#### DATA TO EXAMINE

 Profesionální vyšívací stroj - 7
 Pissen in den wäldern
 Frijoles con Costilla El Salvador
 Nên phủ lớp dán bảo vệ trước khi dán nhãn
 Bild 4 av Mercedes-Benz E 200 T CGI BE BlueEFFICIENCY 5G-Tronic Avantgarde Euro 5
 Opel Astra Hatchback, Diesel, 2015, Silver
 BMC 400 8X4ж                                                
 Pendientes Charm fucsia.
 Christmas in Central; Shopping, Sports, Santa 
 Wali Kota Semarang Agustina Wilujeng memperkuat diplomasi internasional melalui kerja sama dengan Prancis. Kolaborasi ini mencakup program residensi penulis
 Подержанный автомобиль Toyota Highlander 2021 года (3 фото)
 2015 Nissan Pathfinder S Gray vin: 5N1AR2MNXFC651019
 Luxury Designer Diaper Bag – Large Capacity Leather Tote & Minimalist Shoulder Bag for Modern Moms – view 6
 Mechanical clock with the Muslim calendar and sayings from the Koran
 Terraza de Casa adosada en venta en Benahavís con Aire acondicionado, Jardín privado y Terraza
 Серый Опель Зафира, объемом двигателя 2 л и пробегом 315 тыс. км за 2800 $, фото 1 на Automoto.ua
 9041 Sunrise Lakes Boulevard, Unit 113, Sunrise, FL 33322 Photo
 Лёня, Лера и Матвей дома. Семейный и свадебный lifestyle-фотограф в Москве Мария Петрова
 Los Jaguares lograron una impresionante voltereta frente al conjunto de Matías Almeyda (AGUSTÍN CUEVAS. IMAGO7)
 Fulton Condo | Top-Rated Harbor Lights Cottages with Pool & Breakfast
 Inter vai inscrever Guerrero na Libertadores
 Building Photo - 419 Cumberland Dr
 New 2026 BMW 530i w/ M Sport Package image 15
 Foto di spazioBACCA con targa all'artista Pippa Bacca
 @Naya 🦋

#### HOW TO COMPLETE THIS TASK
Pull every line containing "with" from the material above.

#### EXERCISE ANSWER
 Mechanical clock with the Muslim calendar and sayings from the Koran
 Fulton Condo | Top-Rated Harbor Lights Cottages with Pool & Breakfast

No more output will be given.